X rays indicated that Dick had broken his left arm in two places just below the shoulder joint, involving the complex ball and Socket mechanism. This is what had happened: Dick had been careening down one of the more precipitous slopes when, in the middle of a turn, his left ski struck a patch of ice and flipped him in a fall that Dick described—in the skiing vernacular—as an eggbeater. Dick’s doctor was vehement in his denunciation of a man over twenty-two years old who, not having been on skis for six years, would undertake to recapture his fine frenzy with Alpine stocks. “What did you expect?” queried the M.D. acidly. “You could have fractured your skull. You could have broken your back and spent the rest of your days as a helpless invalid. Time you used some common sense, my boy.” There was more, none of it sugared. When the doctor was called from the treatment room, the nurse told Dick, “Don’t take him too seriously. Last week he was able to remove the brace he has worn since he broke his ankle early this winter. Skiing. Second time he did it in two years.”
Because there is little point in remaining at a ski resort when circumstances prevent skiing, the Powells packed, and returned to Los Angeles, then drove to Palm Springs. Add a cast, bandages and an arm sling, and you have a picture of dependence. And, if there is anything that Miss June Allyson loves, it is to be needed. She is a frustrated nurse, and she could win gold medals for extending aid and comfort to the distressed. Suddenly, after years of thinking of Dick as the Rock of Gibraltar, impervious, irresistible, immovable, she discovered that a fracture had appeared in the granite. Joyously she went to work to repair the damage. Dick’s diet had to be supervised: plenty of calcium “to heal that arm.” His rest had to be undisturbed.

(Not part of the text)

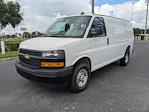 2025 Chevrolet Express 2500 RWD Empty Cargo Van for sale #S1117154 - photo 8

June shaved her husband (electric razor), she toweled him after his reluctant tub baths (he prefers a shower), she dressed him, selecting and tying his ties, buckling his belt and lacing his shoes.
When Dick said rebelliously one day, “As far as I’m concerned, vacation is a doubtful word,” she had an answer. "I think it’s one of the loveliest words on earth. Don’t you?” When two people in love and married have been through an ordeal, they need few words to transmit meanings to one another. A glance, a smile, the swift touching of hands speak a language eloquent and untrammeled. A vacation can never be judged by the events that appear to have taken place but only by the secret conclusions left in a human heart. That fact makes it possible to say of the Powells' adventures in Sun Valley and Palm Springs were the “best thing that ever happened to them.” They went away, two tired, nervous, confused individuals; they came back as a partnership. —Photoplay magazine (July 1955)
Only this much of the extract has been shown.